>>>>>

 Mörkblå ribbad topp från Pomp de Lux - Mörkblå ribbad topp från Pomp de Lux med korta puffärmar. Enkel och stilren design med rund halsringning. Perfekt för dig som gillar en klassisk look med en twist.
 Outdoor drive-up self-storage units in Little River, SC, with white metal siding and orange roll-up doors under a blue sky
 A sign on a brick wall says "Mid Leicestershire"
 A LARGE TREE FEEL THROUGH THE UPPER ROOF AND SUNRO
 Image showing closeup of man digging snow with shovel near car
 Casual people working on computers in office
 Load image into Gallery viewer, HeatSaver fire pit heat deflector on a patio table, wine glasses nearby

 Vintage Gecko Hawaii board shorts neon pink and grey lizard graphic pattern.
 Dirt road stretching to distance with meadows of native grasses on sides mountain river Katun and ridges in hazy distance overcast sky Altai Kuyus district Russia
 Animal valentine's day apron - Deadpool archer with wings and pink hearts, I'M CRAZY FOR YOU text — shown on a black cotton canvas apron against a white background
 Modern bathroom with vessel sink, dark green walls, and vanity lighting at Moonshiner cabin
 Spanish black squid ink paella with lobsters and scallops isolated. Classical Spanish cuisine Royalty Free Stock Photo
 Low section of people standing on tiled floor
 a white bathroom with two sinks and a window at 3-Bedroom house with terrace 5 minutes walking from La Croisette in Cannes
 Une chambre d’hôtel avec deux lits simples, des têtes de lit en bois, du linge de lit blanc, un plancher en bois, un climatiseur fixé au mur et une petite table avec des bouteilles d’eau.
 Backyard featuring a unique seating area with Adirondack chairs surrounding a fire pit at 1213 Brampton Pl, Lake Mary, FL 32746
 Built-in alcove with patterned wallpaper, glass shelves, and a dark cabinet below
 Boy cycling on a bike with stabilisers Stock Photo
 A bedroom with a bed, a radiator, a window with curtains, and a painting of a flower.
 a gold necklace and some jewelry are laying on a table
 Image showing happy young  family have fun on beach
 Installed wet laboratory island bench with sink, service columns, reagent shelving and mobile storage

<<<<<

**YOUR GOAL:**
Copy out each line of the records that holds the string "showing".

**ANSWER FOR THE TASK:**
 Image showing closeup of man digging snow with shovel near car
 Image showing happy young  family have fun on beach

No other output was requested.